From The North Atlantic To The Arctic

A team of researchers from the University of Cádiz in Spain and a number of other organizations have made the sad discovery that a major ocean current is bringing countless plastic bits all the way from the North Atlantic, to the Greenland and Barents seas.

Experts predict that plastic pollution could rapidly find its way into the pristine Arctic waters in the years to come.

8 Million Tons Of Plastic Pollution In The Ocean

At least 275 million tons of plastic waste are produced every year by 192 nations across the globe - almost 8 million tons of this plastic pollution is washed up straight into the ocean.

China has been notoriously identified as the biggest contributor of plastic waste at 1.32 to 3.52 million tons, with its neighboring countries Indonesia, the Philippines, Sri Lanka, and Vietnam following closely behind.

Where Do Plastics End Up In The Ocean?

Plastic pollution is pervasive in the open ocean, but the largest concentrations can be spotted in the five major ocean gyres, or circulating ocean currents, such as in the Pacific, Atlantic, and Indian Oceans.
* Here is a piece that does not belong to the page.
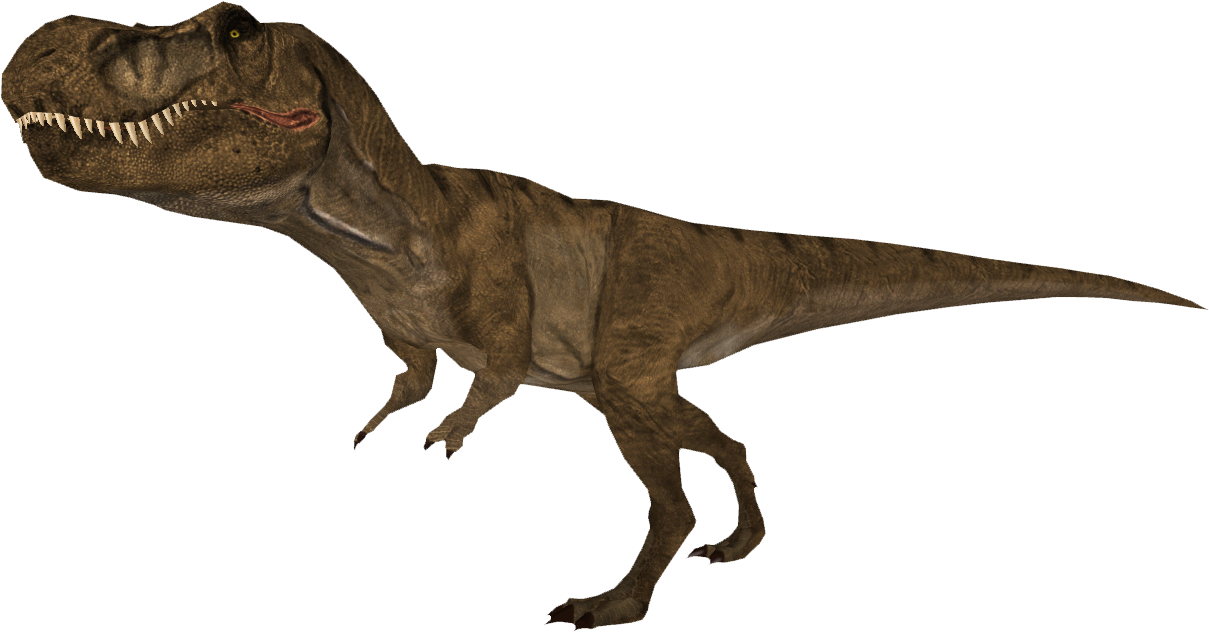 Tyrannosaurus Rex Full Body Profile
The Great Garbage Patch in the North Pacific, also known as the Pacific trash vortex, is one example of this. This dense part of the sea filled with marine debris or microplastics was discovered between 1985 and 1988.

In 2014, scientists have also found proof of microplastics in deep-sea sediments from the Atlantic Ocean, the Mediterranean Sea, and the Indian Ocean.

Plastic Could Really Last Forever

Unfortunately, plastics are really built to last forever. They're made from strong, durable materials that are difficult to break down naturally.

There are certain types of plastics - say, a dense monofilament fishing line - that could stay up to 600 years. A thin plastic bag in harsh surf zones, on the other hand, only stand a few months.

"But even if that bag breaks down over the course of six months or a year, it might well have had a lot of environmental impact before that," Chris Wilcox of CSIRO's Oceans and Atmosphere Flagship said.

Research shows that many marine animals get caught in plastic fishing lines and end up getting strangulated. There's also the risk of animals mistaking colorful plastic as food, which is severely toxic to them.